| Exercise aim |
Copy out exactly the stretch of the listing below that begins at the line containing "BLUZA DRESOWA DAMSKA" and ends at the line containing "RUNNA Solid Wood", and copy nothing outside it.

| Records supplied |
______________________________

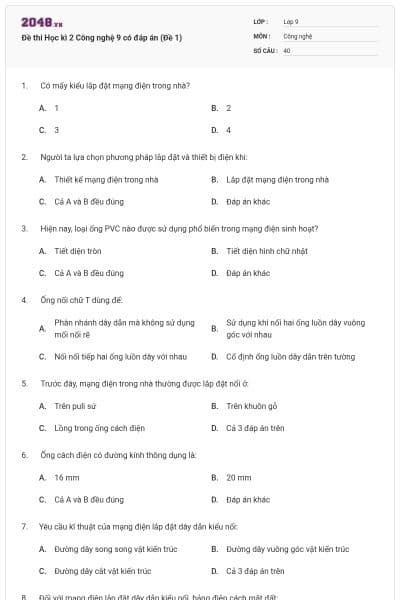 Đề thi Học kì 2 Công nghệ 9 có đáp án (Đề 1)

______________________________

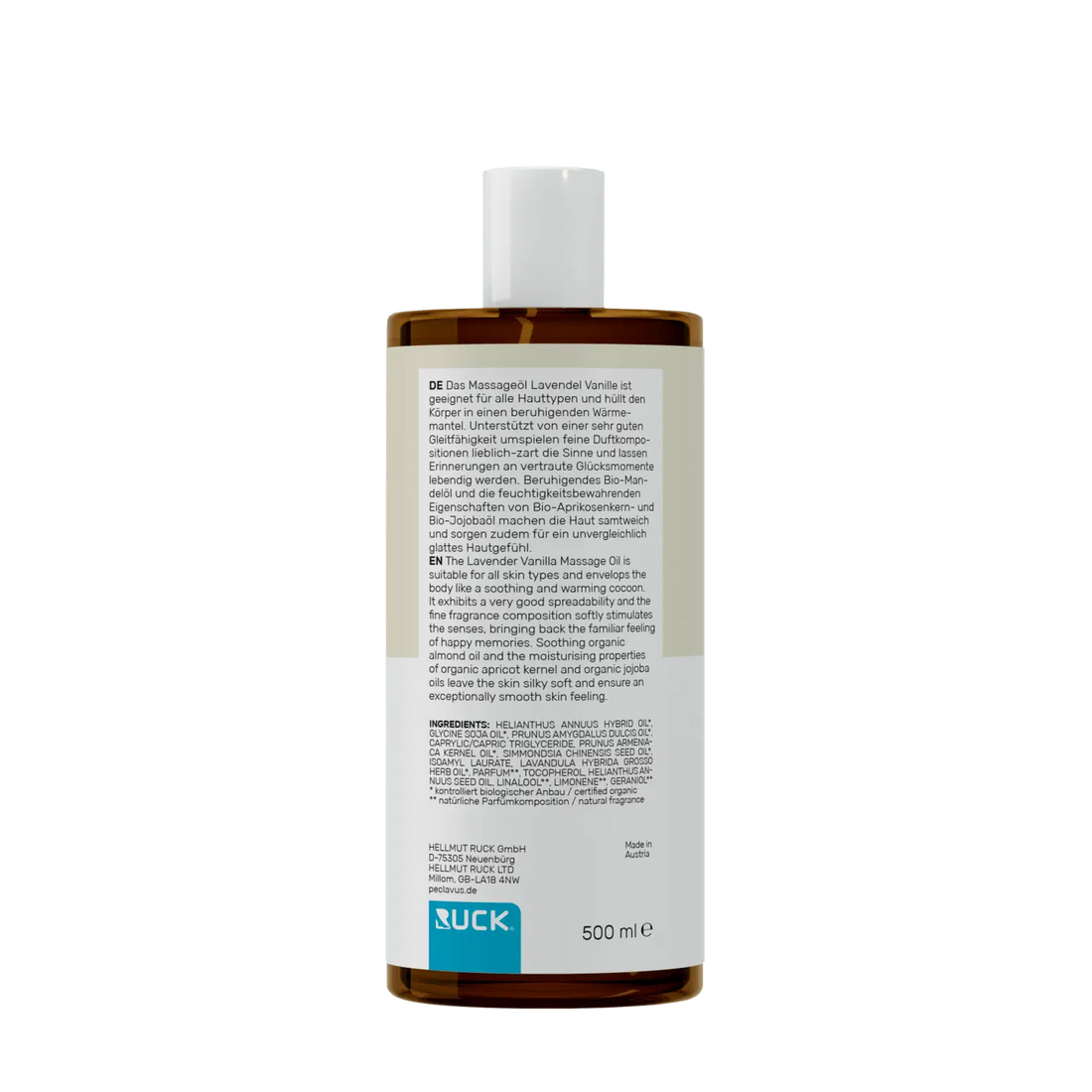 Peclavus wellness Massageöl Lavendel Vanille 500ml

______________________________

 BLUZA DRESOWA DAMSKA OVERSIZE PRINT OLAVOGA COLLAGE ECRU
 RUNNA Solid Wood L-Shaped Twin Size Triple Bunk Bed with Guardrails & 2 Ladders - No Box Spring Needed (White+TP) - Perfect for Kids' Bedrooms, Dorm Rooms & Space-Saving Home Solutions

______________________________

| Reply to the exercise |
 BLUZA DRESOWA DAMSKA OVERSIZE PRINT OLAVOGA COLLAGE ECRU
 RUNNA Solid Wood L-Shaped Twin Size Triple Bunk Bed with Guardrails & 2 Ladders - No Box Spring Needed (White+TP) - Perfect for Kids' Bedrooms, Dorm Rooms & Space-Saving Home Solutions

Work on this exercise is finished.